|Thrush-like wren at North Pantanal, Poconé, Mato Grosso State, Brazil|
The thrush-like wren (Campylorhynchus turdinus) is a South American species of bird in the family Troglodytidae, the wrens. As suggested by its common and scientific name, its size and coloration are vaguely reminiscent of that of a thrush, although the general impression it gives in life is very different and not at all "thrush-like".
With a total length of approximately 20 cm (8 in), it is among the largest species of wrens. The head and mantle are brownish-gray. The wings and upper tail are dull brown with dense blackish barring. The whitish underparts are heavily spotted with dusky, except on the throat. It typically shows a distinctive whitish eyebrow and the relatively long tail is commonly held cocked. The slightly decurved bill is relatively long, and, for a wren, thick. The irides are dull amber, maroon or brown.
Unlike most other wrens, it is typically found from mid-levels to canopy height. Despite its size, it is relatively inconspicuous, and usually revealed only by its loud, complex voice, which is highly characteristic. It feeds primarily on insects, but will also take vegetable matter and small invertebrates. Typically forages in pairs or small groups.

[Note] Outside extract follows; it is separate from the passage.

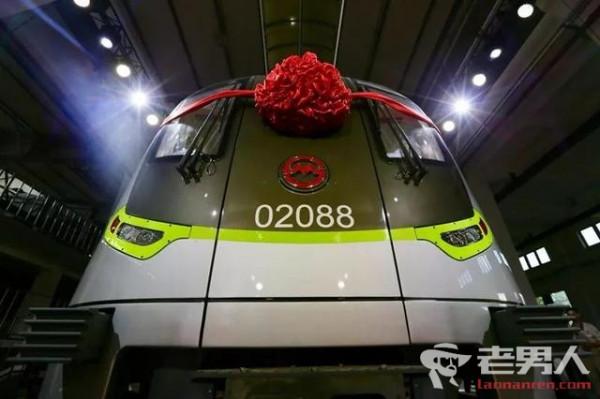 >上海地铁迎来第5000辆列车 明后年每年或增1000辆车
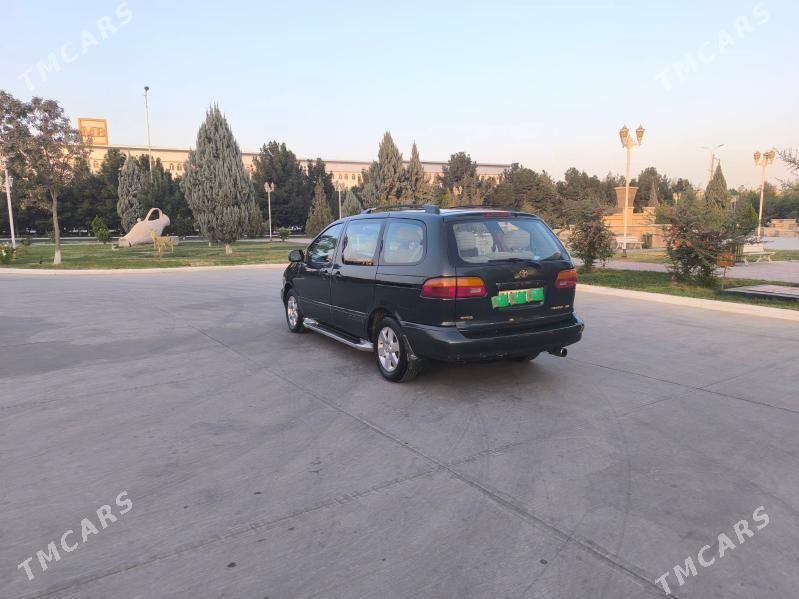 Toyota Sienna 2000 - 142 000 TMT - Мары - img 6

Subspecies and distribution
The thrush-like wren inhabits three main regions; each with its own subspecies. C. turdinus hypostictus is found in the southern and western Amazon Rainforest in south-eastern Colombia, eastern Ecuador, eastern Peru, northern Bolivia and Amazonian Brazil south of the Amazon River. The paler, greyer and much more uniform C. t. unicolor is found in the drier and more open wooded habitats in the Pantanal of Brazil, eastern Bolivia, Paraguay and far northern Argentina (where range is expanding). The nominate subspecies, C. t. turdinus, resembles C. t. hypostictus both in habitat preference and morphology, and is found in the narrow coastal belt of Atlantic moist forests in eastern Brazil from near Salvador da Bahia in north to Espírito Santo in south. It is relatively common in most of its range.